Properly structured and implemented, value-based alternative fee arrangements should nurture a long-term partnership built on creating and maintaining value for the client.
These alternative fee arrangements should be mutually beneficial for both the client – who wants cost certainty and better value – and the law firm – which wants to remain profitable, despite no longer being assured of payment for every hour invested in the engagement.
Internationally, law firms have widely adopted flexible fee structures viz fixed or capped fees has become quite commonplace in relation to disputes.
But what are capped fees and what are fixed (or flat) fees?
Capped fees are based on the number of hours multiplied by the hourly rates of the lawyers involved, so the eventual fee may be less than the agreed cap, but never more.
Flat or fixed fees are instances where the attorney earns a specified mutually agreed fee, whether the work gets done in 50 or 100 hours to resolve the matter.
Alternative fees, be they fixed or capped, are well-suited for a few instances, being:
- A large portfolio of litigation matters, where risk of under-budgeting or over-budgeting can be diversified, other than being inherent in any single litigation eg debt review applications in terms of the National Credit Act.
- A phased-billing approach, where it is easier to estimate phases of the disputes than it is to estimate at the outset the total investment needed to resolve the entire case.
- Where disputes involve common issues and a common life cycle, reducing variability in dispute costs eg specialised sector disputes like construction.
With the cost of litigation becoming unsustainable for businesses, capped or fixed fee structures makes sense in disputes. Great lawyers will continue to attract business in the context of giving their clients realistic and succinct cost estimates.
Of course, there is no one size which fits all. In some cases, a fixed fee quote could just simply be unaffordable. In other cases, a client might present a matter that is so unique that an hourly estimate is not possible or some firms might find no value benefit from a scope of services offered under the flat-fee arrangement and prefer to engage with ad-hoc advice billed on an hourly fee base, which is more practical and affordable.

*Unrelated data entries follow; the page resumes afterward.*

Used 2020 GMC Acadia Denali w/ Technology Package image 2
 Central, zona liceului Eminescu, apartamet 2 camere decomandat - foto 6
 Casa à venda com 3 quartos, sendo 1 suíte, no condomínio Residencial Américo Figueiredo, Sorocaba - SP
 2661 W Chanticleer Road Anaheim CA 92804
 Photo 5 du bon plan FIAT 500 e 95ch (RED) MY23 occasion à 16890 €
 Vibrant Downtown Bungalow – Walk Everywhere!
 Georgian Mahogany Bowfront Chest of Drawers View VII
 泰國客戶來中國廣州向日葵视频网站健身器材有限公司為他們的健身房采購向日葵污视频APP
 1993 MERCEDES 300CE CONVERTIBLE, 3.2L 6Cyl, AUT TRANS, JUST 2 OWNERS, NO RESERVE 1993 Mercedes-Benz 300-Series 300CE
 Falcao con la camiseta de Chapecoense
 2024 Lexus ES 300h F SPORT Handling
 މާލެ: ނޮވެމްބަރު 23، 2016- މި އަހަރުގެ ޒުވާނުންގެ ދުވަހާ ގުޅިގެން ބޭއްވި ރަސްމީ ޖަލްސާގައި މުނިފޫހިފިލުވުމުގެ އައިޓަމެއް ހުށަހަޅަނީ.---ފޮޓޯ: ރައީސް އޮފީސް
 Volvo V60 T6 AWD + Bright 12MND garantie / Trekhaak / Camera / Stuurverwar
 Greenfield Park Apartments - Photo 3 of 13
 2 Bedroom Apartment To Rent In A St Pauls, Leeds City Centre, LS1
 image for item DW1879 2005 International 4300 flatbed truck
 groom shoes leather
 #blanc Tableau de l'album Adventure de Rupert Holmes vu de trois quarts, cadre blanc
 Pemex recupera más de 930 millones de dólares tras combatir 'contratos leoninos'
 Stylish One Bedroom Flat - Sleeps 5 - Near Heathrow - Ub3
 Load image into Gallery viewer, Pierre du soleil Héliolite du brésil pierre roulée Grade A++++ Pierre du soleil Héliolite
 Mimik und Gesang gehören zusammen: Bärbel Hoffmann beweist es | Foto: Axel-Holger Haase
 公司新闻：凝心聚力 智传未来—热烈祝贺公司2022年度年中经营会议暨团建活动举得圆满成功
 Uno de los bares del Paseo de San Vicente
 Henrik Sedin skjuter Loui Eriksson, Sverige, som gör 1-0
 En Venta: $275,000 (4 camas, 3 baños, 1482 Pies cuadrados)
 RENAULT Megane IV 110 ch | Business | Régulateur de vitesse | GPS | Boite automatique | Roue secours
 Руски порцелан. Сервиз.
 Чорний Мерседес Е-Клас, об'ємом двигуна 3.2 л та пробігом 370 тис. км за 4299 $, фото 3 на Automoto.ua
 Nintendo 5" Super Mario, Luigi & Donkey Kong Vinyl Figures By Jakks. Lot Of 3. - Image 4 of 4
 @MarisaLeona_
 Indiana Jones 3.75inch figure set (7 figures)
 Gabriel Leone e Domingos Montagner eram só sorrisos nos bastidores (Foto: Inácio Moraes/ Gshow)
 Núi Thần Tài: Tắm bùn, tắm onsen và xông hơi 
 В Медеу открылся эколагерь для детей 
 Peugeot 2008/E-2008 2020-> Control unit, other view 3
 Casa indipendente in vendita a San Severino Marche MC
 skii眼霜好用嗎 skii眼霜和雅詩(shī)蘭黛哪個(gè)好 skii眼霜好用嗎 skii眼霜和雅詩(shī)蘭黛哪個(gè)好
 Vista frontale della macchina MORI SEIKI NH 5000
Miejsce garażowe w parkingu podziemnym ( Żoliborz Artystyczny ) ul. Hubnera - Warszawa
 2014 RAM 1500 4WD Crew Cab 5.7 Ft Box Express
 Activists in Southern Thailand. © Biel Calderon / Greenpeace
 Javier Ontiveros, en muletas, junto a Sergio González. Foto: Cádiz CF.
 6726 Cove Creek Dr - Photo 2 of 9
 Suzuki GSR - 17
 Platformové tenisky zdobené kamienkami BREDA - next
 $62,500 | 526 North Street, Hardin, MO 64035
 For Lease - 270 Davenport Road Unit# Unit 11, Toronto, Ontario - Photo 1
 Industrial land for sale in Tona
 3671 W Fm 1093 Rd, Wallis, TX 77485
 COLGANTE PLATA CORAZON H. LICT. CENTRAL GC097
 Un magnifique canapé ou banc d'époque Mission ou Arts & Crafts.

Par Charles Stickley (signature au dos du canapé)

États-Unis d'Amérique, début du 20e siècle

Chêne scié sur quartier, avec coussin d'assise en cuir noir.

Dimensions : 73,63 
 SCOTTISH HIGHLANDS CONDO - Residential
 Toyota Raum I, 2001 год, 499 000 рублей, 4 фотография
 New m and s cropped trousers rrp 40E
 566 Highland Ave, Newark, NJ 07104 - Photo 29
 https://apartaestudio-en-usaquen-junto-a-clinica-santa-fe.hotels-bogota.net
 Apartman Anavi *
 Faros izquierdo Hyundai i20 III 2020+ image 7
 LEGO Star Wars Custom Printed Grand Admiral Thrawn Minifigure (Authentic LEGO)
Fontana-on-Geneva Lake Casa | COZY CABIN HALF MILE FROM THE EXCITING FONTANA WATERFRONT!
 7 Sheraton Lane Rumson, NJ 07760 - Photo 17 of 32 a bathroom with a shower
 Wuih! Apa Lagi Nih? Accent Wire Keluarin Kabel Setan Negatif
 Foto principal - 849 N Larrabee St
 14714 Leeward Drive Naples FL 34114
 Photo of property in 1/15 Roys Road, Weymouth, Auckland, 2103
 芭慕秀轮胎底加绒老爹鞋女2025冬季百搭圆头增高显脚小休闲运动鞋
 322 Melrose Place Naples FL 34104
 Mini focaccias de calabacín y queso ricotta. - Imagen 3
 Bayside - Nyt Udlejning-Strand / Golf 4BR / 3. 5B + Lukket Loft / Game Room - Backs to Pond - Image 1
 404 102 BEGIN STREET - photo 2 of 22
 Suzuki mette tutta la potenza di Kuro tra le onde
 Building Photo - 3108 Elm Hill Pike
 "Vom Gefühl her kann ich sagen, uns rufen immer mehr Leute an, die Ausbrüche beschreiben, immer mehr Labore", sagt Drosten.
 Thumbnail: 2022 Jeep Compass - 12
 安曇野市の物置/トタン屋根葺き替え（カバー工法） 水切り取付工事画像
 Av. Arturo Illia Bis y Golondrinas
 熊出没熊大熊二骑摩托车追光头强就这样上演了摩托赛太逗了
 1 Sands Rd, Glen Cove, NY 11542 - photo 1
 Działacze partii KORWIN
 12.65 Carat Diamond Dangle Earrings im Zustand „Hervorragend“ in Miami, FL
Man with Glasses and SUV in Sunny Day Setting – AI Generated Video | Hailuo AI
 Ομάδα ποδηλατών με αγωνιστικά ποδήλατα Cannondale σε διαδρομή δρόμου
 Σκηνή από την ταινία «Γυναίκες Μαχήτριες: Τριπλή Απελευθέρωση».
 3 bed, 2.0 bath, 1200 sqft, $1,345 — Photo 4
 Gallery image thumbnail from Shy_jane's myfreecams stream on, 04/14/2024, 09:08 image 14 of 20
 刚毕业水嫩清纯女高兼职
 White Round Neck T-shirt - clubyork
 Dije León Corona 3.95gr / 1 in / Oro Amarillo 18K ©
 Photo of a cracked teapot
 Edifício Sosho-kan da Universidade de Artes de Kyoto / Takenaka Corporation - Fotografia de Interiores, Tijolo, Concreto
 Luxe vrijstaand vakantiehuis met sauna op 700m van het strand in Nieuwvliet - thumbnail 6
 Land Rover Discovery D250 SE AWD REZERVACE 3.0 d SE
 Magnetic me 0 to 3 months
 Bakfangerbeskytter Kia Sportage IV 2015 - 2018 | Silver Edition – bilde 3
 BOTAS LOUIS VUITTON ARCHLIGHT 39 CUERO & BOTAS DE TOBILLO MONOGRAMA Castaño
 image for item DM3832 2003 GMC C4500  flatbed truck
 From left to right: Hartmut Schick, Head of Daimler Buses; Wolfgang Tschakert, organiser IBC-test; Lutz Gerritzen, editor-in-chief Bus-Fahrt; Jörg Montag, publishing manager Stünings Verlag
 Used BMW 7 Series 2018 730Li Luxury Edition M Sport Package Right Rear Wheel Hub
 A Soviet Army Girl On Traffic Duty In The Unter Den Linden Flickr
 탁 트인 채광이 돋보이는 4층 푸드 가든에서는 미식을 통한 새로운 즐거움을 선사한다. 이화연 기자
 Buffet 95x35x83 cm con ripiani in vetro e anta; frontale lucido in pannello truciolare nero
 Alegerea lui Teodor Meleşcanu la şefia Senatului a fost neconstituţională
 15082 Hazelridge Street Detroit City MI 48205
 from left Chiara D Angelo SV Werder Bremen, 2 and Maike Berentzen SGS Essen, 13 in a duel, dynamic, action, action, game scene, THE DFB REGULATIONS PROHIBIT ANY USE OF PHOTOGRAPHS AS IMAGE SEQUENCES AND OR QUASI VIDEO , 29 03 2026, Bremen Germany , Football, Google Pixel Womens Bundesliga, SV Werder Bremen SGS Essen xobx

In South Africa, notwithstanding the imminent implementation of those sections of the Legal Practice Act, we are lagging behind in offering affordable and predictable alternatives to our clients. In my opinion, fear regarding profitability is only one of the reasons why SA law firms do not cap or fix fees. Legal spend in SA is often relationship based so despite tough economic times, there is little incentive on lawyers to focus on alternative fee structures for disputes – the ubiquitous discount on an hourly rate or an invoice when a client complains isn’t “alternative”!
It also takes a deep understanding of the sector and your clients’ business so that fixed or capped fees are not a gamble but a model based on expertise, experience and acumen.
Until clients start demanding this level of expertise and innovation from their lawyers, law firms are not incentivised to offer any other solution.